Dataset content »
--- START ---

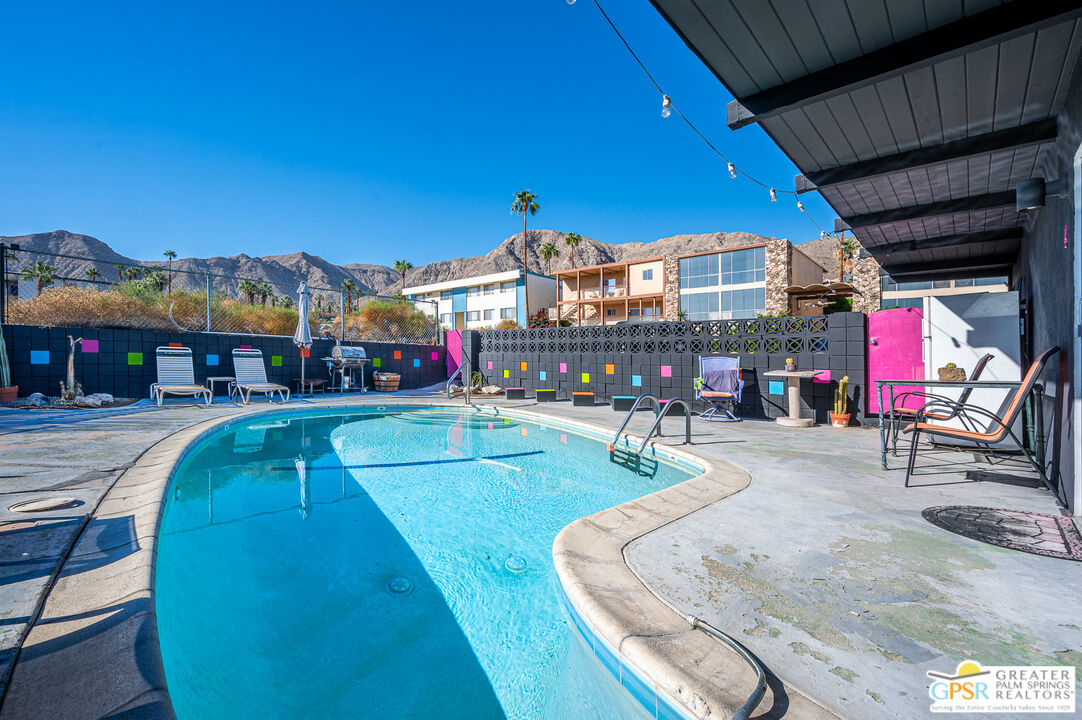 39910 Bird Lane Rancho Mirage, CA 92270 - Photo 42 of 45 a swimming pool with outdoor seating and yard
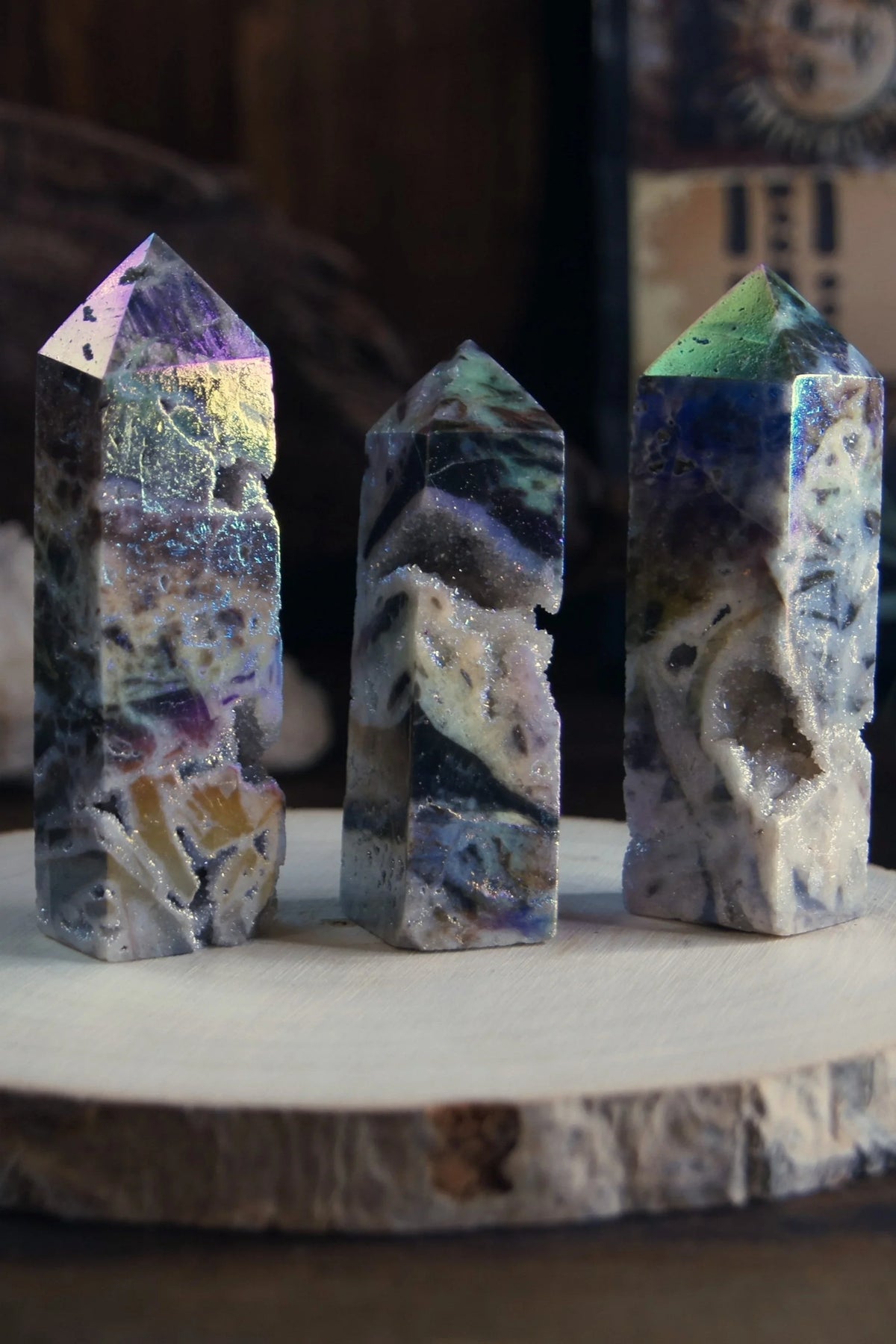 Three polished crystal towers with colorful, natural patterns on a wood slice display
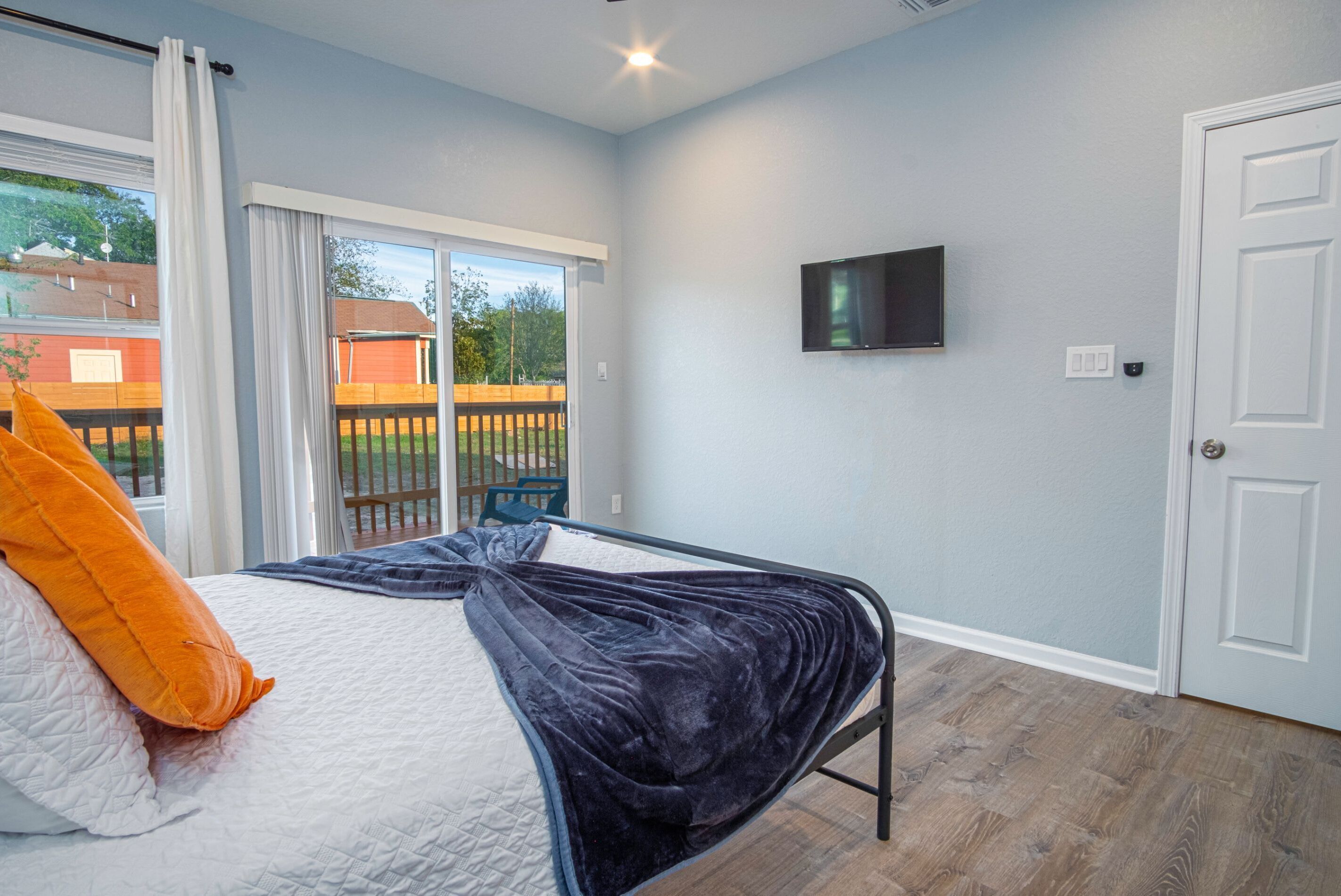 A bedroom with a bed, a TV mounted on the wall, and a sliding glass door leading to an outdoor area.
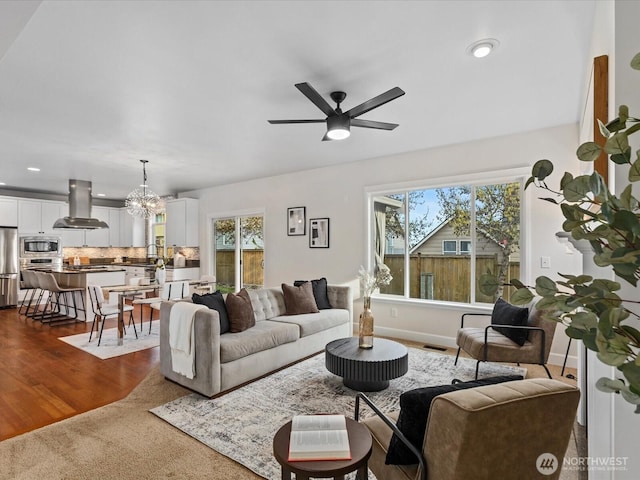 5258 S 285th St, Auburn, WA 98001 - living room featuring visible vents, ceiling fan with notable chandelier, recessed lighting, and a healthy amount of sunlight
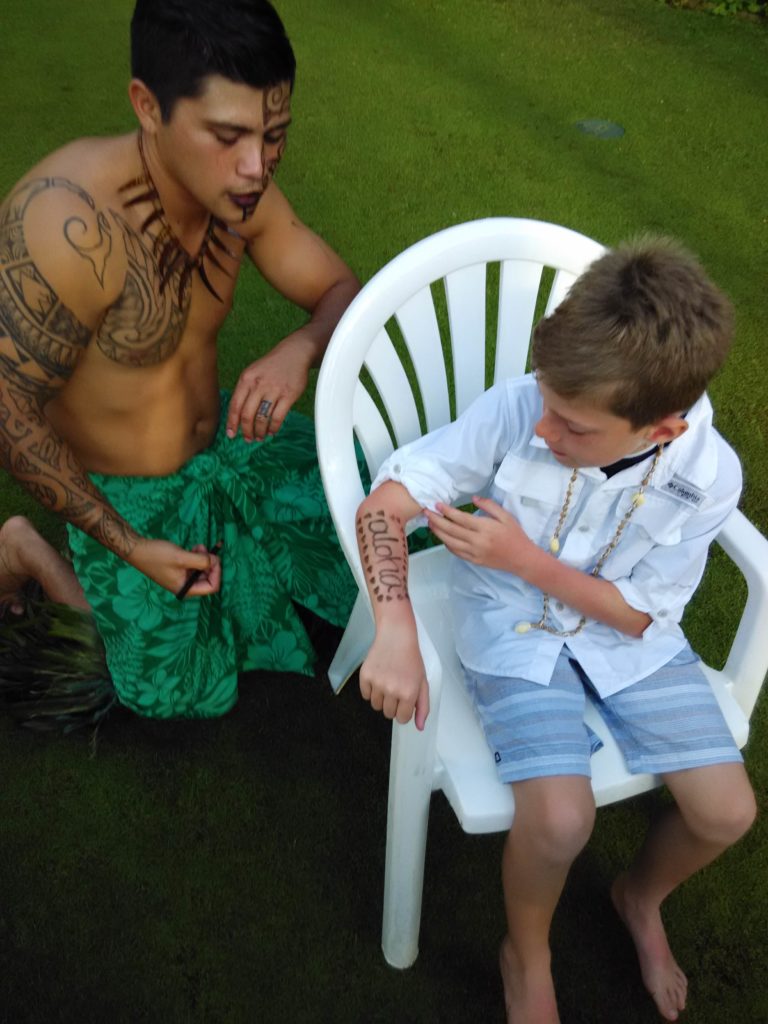 Staff doing a arm painting for a kid at Grand Hyatt Kauai Luau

--- END ---

Requirement » Produce the material above again in full, with identical lines and no pictures.

Written response »
 39910 Bird Lane Rancho Mirage, CA 92270 - Photo 42 of 45 a swimming pool with outdoor seating and yard
 Three polished crystal towers with colorful, natural patterns on a wood slice display
 A bedroom with a bed, a TV mounted on the wall, and a sliding glass door leading to an outdoor area.
 5258 S 285th St, Auburn, WA 98001 - living room featuring visible vents, ceiling fan with notable chandelier, recessed lighting, and a healthy amount of sunlight
 Staff doing a arm painting for a kid at Grand Hyatt Kauai Luau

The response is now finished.